▶ _Work to be completed_: With the pictures left out, print exactly the lines below that run from the one containing "Bagsaaa Va1e*ntin0 Garavani" through the one containing "Замок двери задний".
═════ Material provided ═════
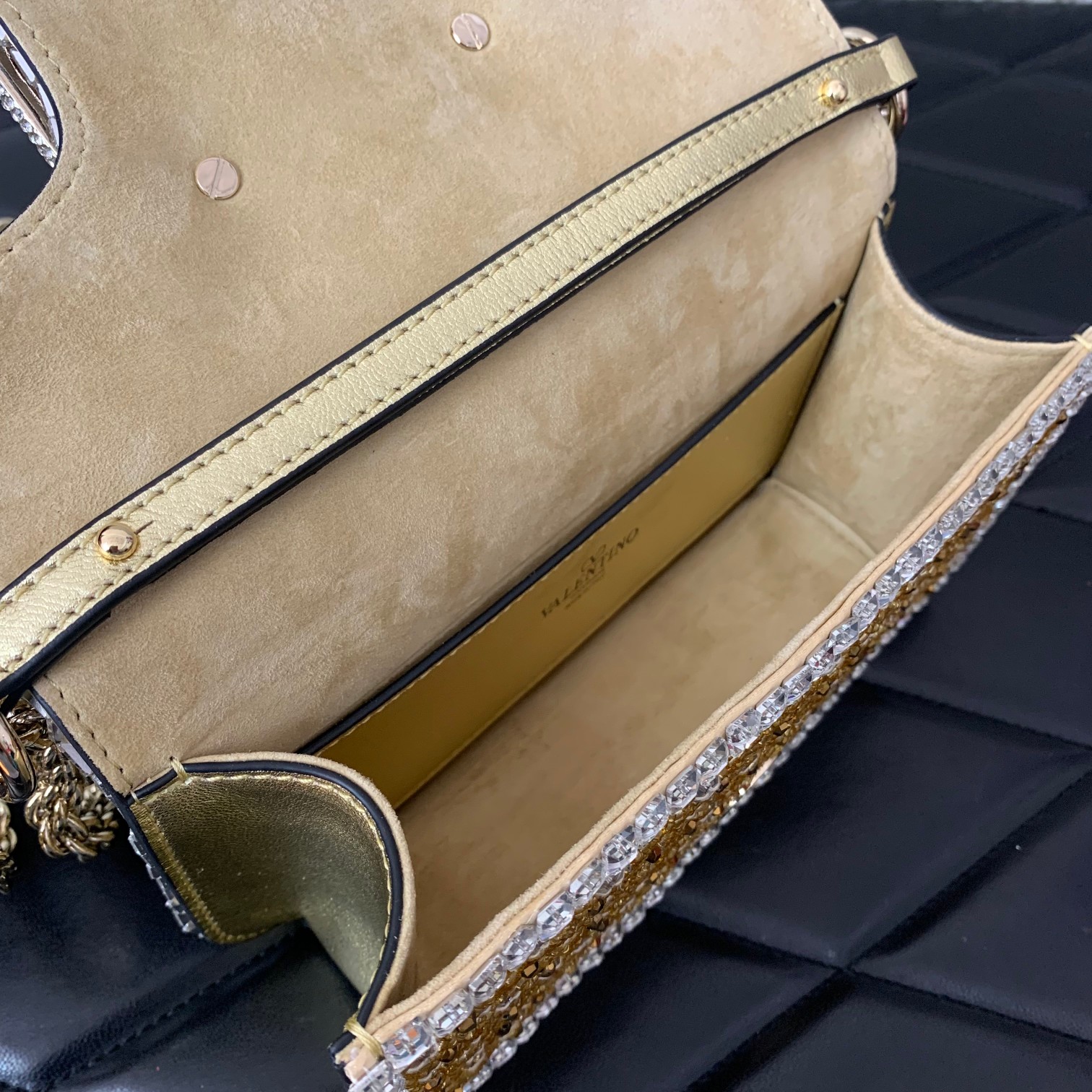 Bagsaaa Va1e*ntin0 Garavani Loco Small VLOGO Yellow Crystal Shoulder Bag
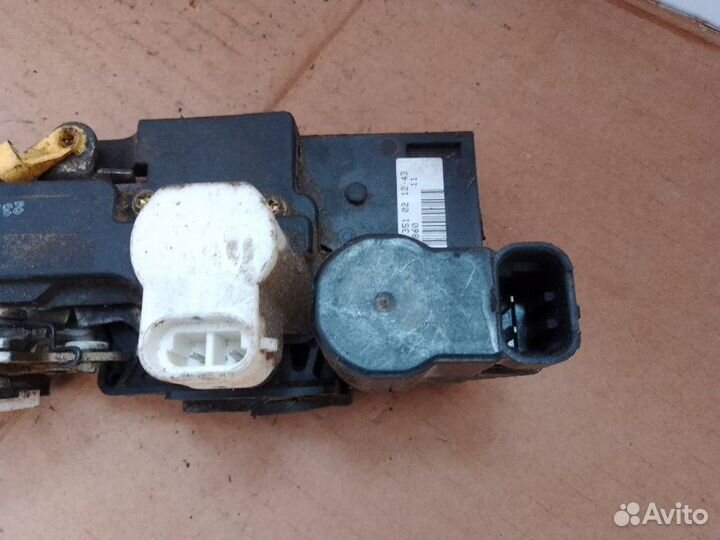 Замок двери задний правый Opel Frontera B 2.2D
═════
═════ Material provided ═════
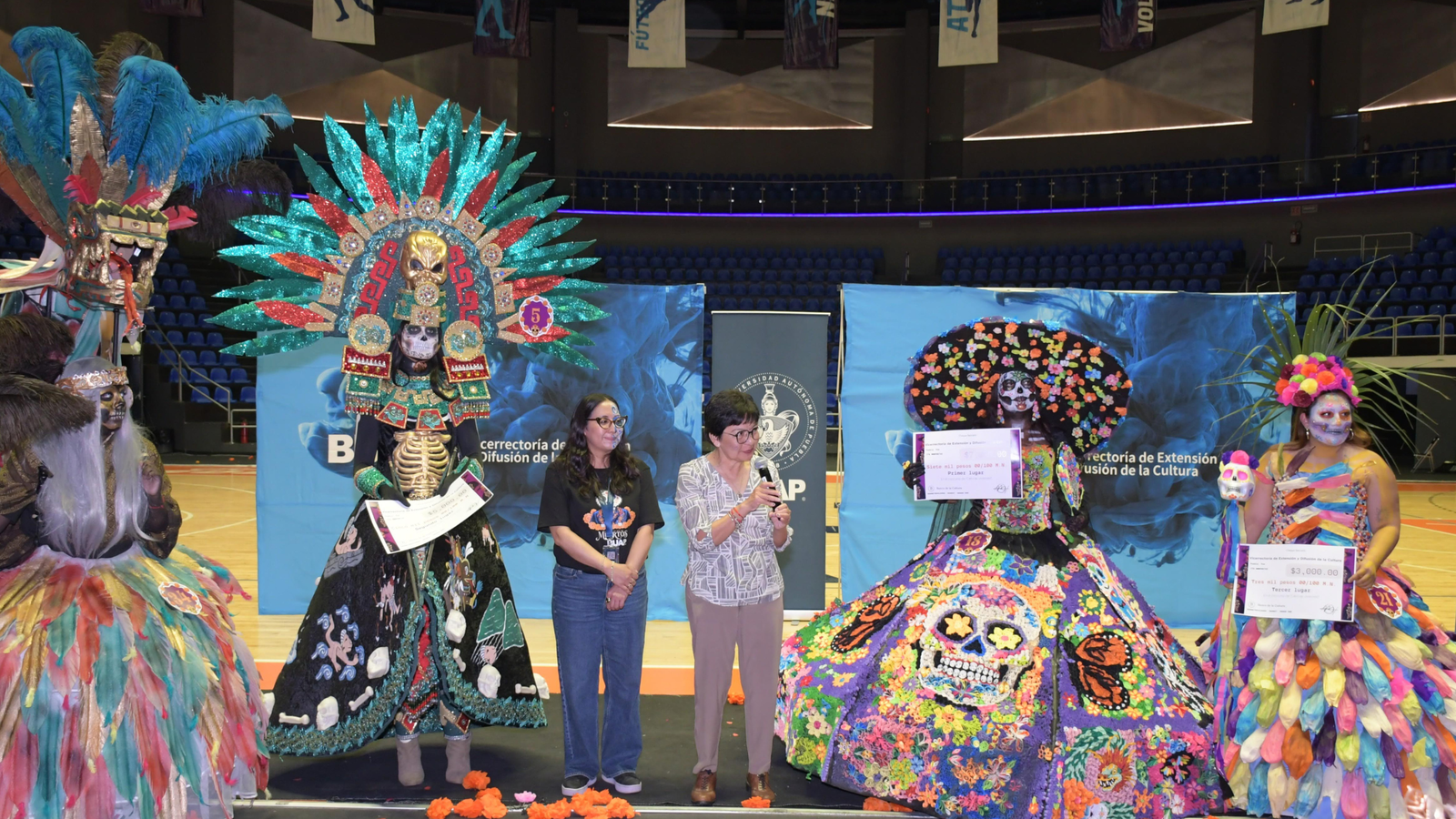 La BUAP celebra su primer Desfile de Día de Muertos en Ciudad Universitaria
═════
═════ Material provided ═════
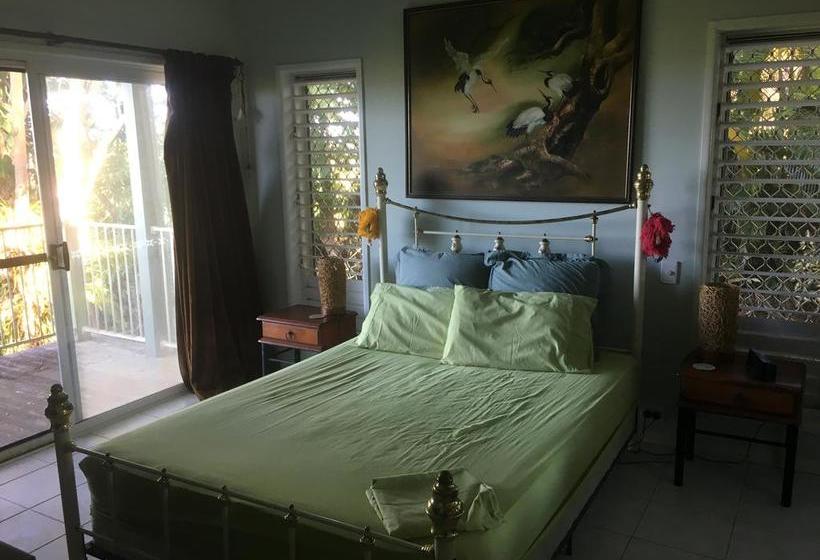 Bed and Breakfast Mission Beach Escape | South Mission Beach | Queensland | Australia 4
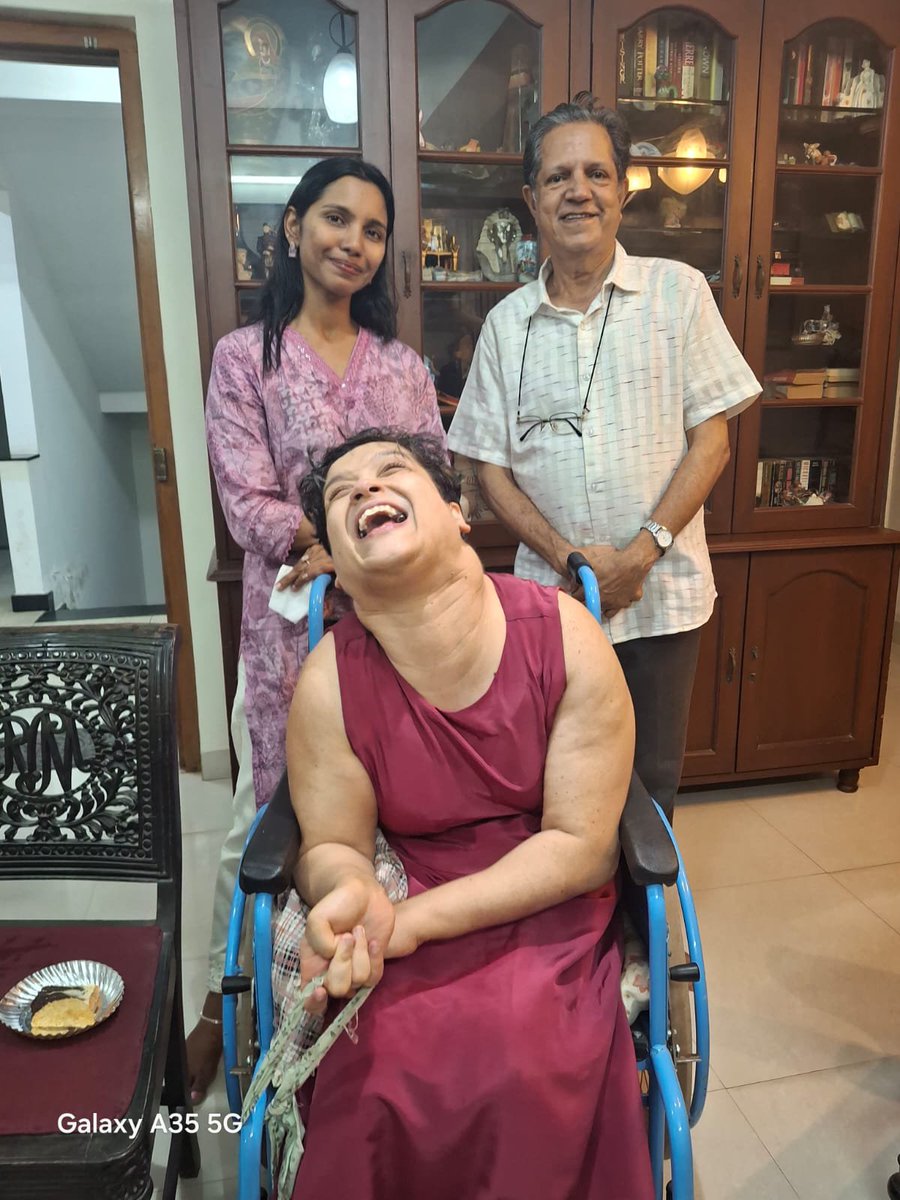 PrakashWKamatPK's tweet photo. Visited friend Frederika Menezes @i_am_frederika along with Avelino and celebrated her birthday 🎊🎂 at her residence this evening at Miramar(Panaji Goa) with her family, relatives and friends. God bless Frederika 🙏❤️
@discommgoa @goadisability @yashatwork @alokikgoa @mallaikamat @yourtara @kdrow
═════
▶ _Output of the exercise_:
 Bagsaaa Va1e*ntin0 Garavani Loco Small VLOGO Yellow Crystal Shoulder Bag
 Замок двери задний правый Opel Frontera B 2.2D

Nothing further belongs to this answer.